The photographer, it turns out, was Brooklyn-based artist Tyler Blint-Welsh, who is working on a book composed of 100 portraits of techno’s Black founders, alongside those carrying on their legacy. Inspired by a life-changing trip to Berlin where he happened upon an exhibit at the legendary Berlin club Tresor that told the story of techno’s origins, Blint-Welsh has made it a mission to create an archival object that can celebrate these globally important Black artists, and to offset the notion that techno is primarily white or white-German music.

Tyler Blint-Welsh

“Black techno artists aren't recognized as being the founders of techno. And they're not recognized for their role in continuing the culture,” Blint-Welsh tells PAPER. “This is meant to be an archive that lasts beyond me and beyond any of us.” Photographing landmark pioneers such as Robert Hood, Dee Diggs and DJ Minx among many others in a medium that harkens back to iconic archival imagery of historical figures, Blint-Welsh’s project is an important aesthetic, historical reframing of a segment of musical history too often ignored, especially given techno’s continued ascendance in the global cultural economy.

PAPER chatted with Blint-Welsh about techno’s Black roots and his big plans for his archival work.

DJ Holographic

What guides your artistic practice?

I’ve always been inspired by history and storytelling, which is what led me to my journalism career, where I was a writer for outlets like The Wall Street Journal and The New York Times. I've also always been moved by materials, textures, imperfections, and analog processes. And I think I’m so attracted to the tintype process because it’s an amalgamation of all those things. It's also intricate and delicate, and can only be done by someone who’s being thoughtful, focused and present. As our society keeps pursuing ways to replace human labor, it’s only going to get harder to access real objects made by real people, like a tintype. So, I try in my practice to always reflect that aspect of a human touch, while also rejecting this idea that screens need to be the primary medium for consumption. Something I’m always considering in my work is: How can materials, textures, formats, and processes work together in service of a narrative?

Tell me a little bit about how long the project has been going and its roots in your practice.

I formally started on this project earlier this year, but I've been wrestling with the idea for quite some time. I always knew I wanted to document the techno world in some way, but when Dweller made their announcement post for the festival this past year, it kind of clicked in my head. I was like, “Oh, it'd be sick to try to combine the format of tintype with this long history of Black artists and Techno.” I pitched Dweller on the idea, and they actually commissioned me and gave me access to Nowadays, Paragon and Basement. I was able to set up and shoot with those artists. Since then it's snowballed really quickly from Dweller to Movement to now Berlin.

DJ Minx

You were already doing tintype photography of people who work in Tech or AI, right?

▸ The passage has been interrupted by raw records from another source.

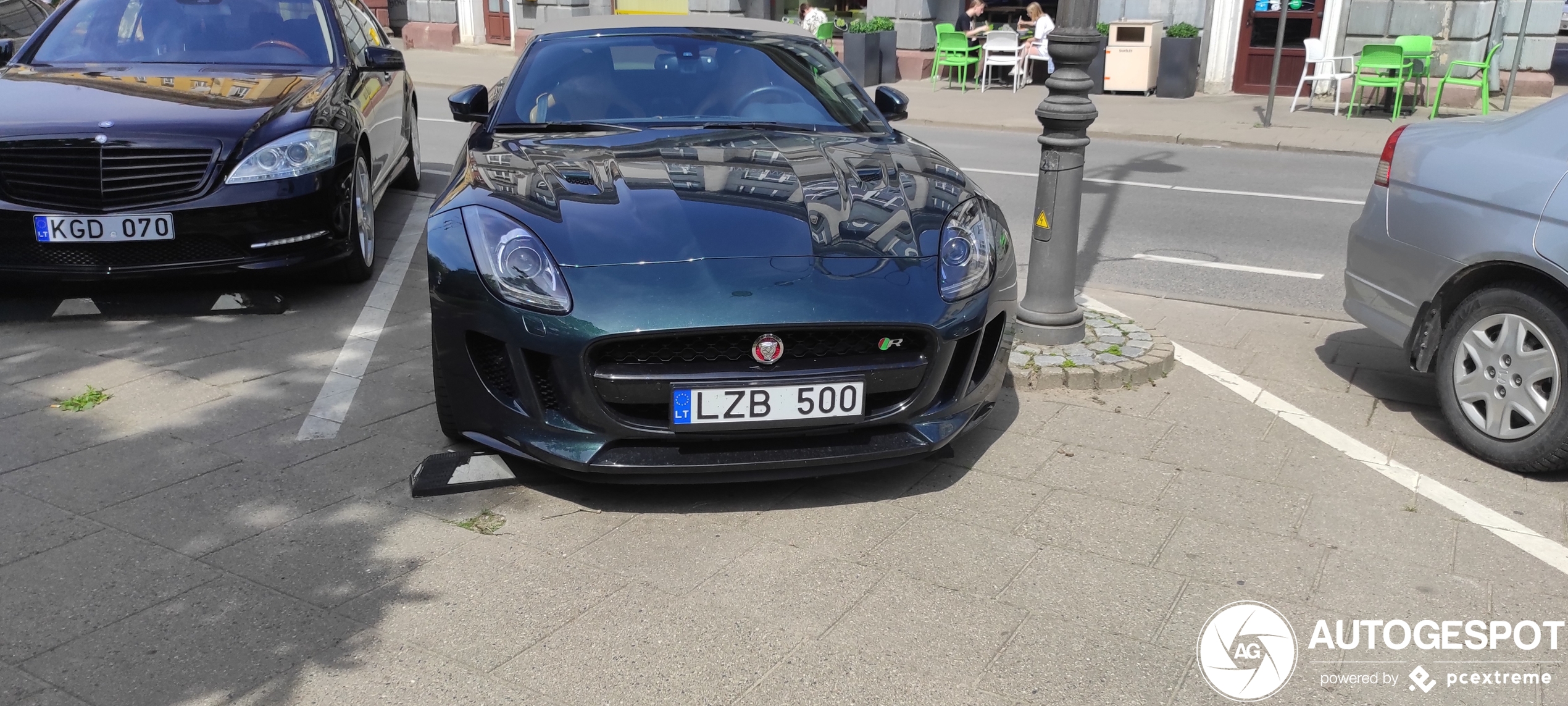 Jaguar F-TYPE R AWD Convertible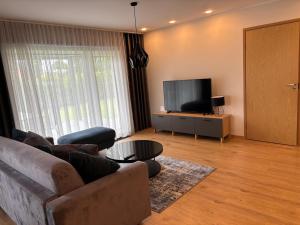 Maja Pärnus privaatse hoovi, sauna ja tasuta parkimisega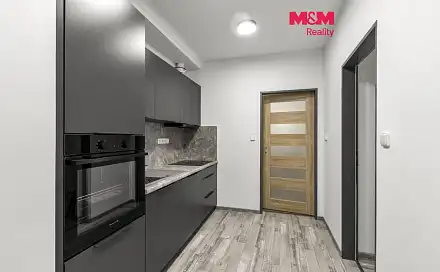 Pronájem bytu 3+1 75 m², náměstí Míru, Heřmanův Městec, okres Chrudim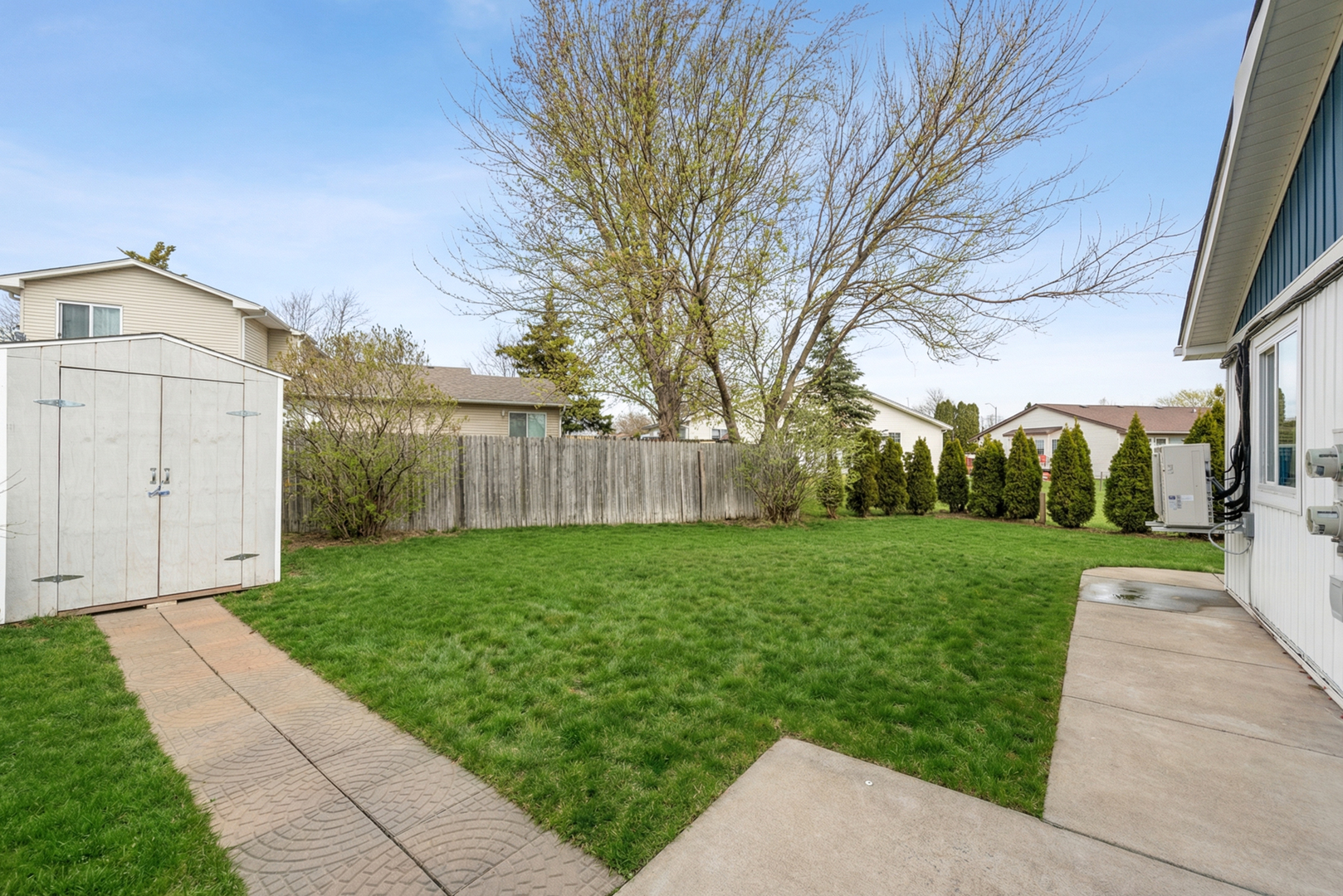 1142 Ohio Court, Aurora, IL 60505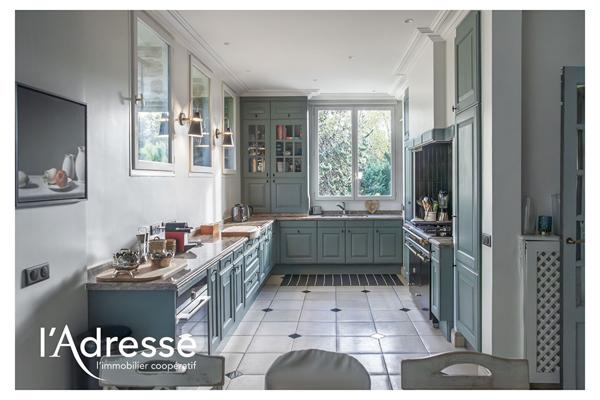 Propriété de caractère aux abords du parc royal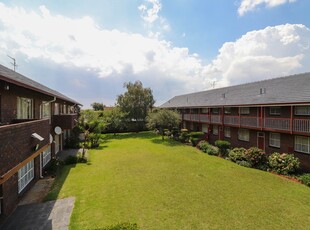 Apartment / Flat For Sale in Horizon View, Roodepoort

Yes, I started in 2020. I was always drawn to process-oriented formats and the materiality of [tintype] and the fact that it's a tangible thing. Every time you take a photo, you get immediate feedback. You can hold it and feel it. So I was learning in my bathroom at home. We had a spare one, so my roommates let me really fuck up the bathroom. There were chemical stains everywhere. It was pretty nasty.

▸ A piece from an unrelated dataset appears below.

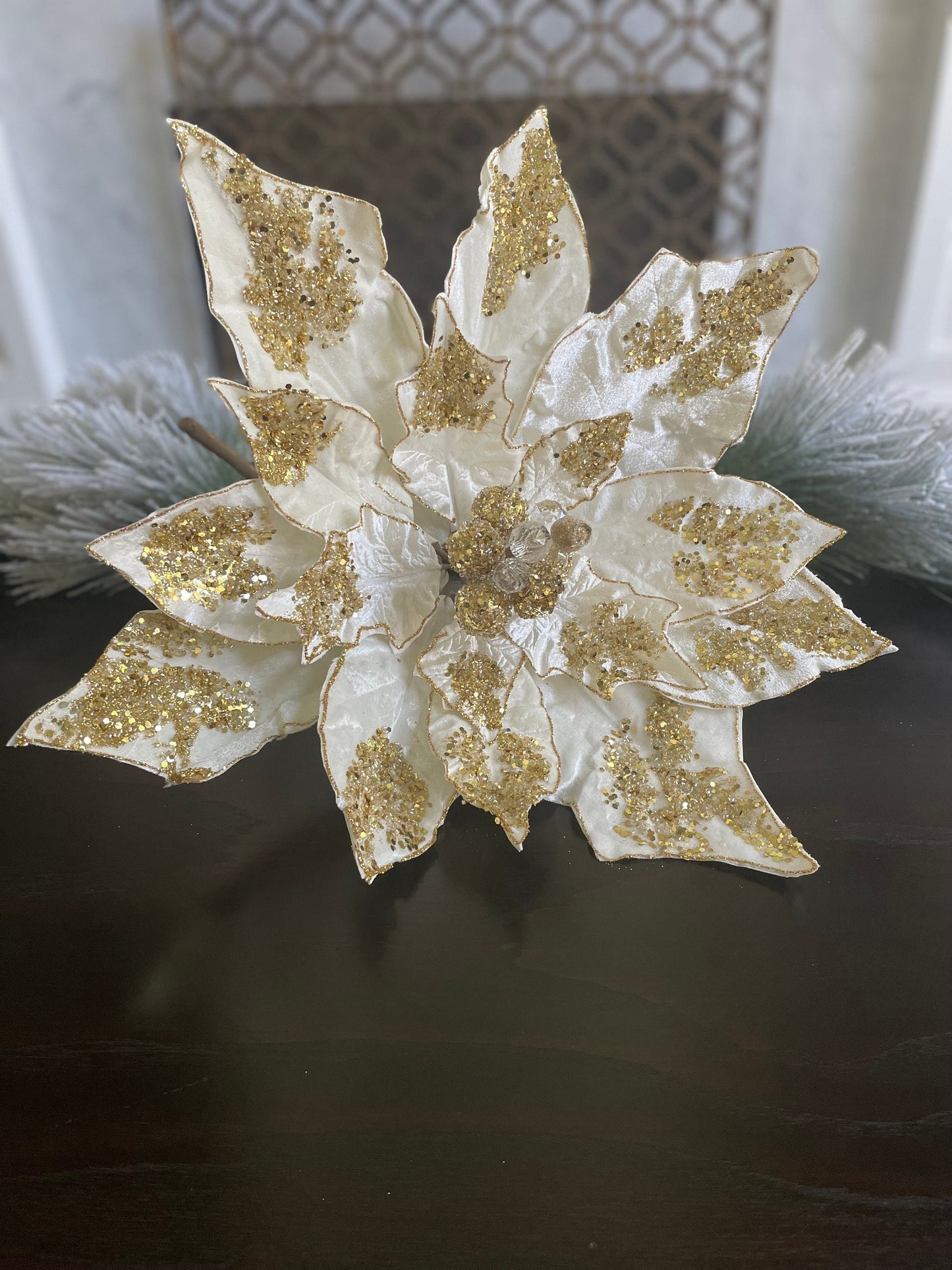 22” Poinsettia light ivory and gold glitter. 22” tip to tip. Stem poinsettia.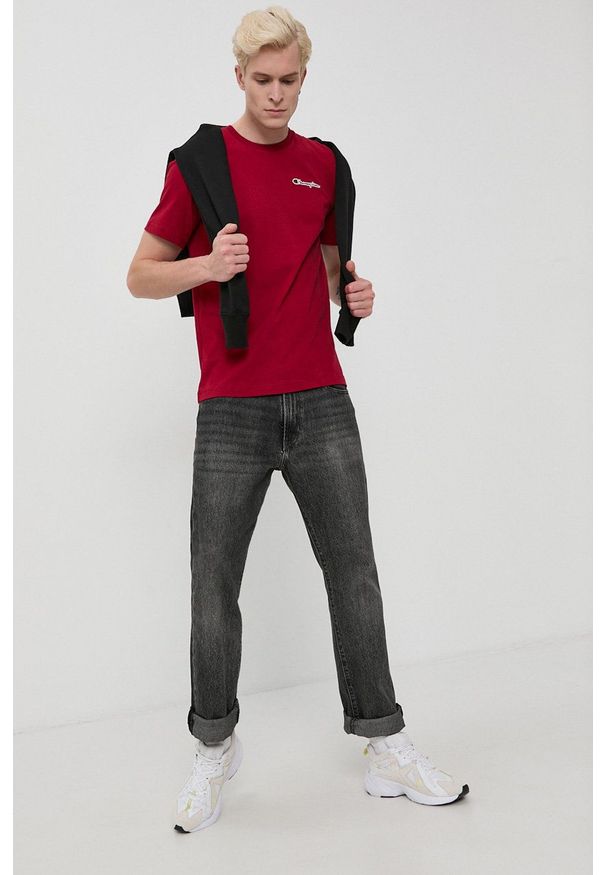 Champion - T-shirt bawełniany. Okazja: na co dzień. Kolor: czerwony. Materiał: bawełna. Wzór: gładki. Styl: casual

But at that time I was doing this separate project, portraits of artists who are redefining creativity by using digital formats. I wanted to do a portrait project using tintype because it's contrasting this super old format with these people on the cutting edge.

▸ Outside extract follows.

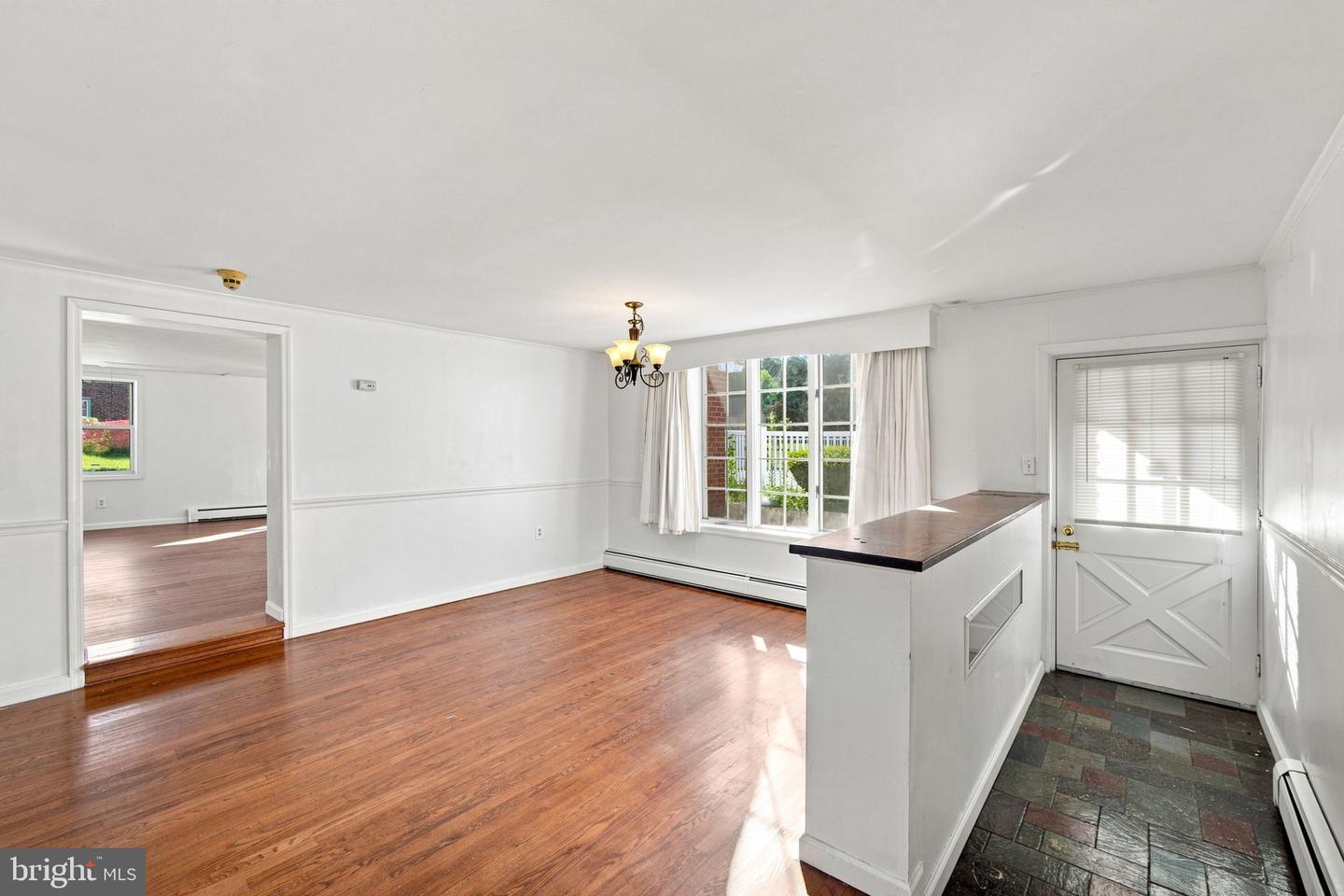 2438 Pine # Property Photo 6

It's interesting contrasting digital artists and the tintype format. Is it a similar idea with techno, in terms of the juxtaposition of this very high tech industrial music and this older format?

It’s a lot of things. One of the connections, I would say, is the process-oriented nature of tintypes and DJing. I think both of them require a level of focus, presence and precision that I think is maybe unique to both practices. There's a level of real-time feedback that you see in the crowd, and that you see in the photo instantly.

So I saw some alignment between those two kinds of concepts. And then also the historical nature of tintype. It’s one of the first-ever photo formats. It's a result of people experimenting and trying to find a better, more efficient, easier way to take photos in the same way that techno is the result of people experimenting with machines and how to push sound forward. How can we take what we have and create something new that's bigger?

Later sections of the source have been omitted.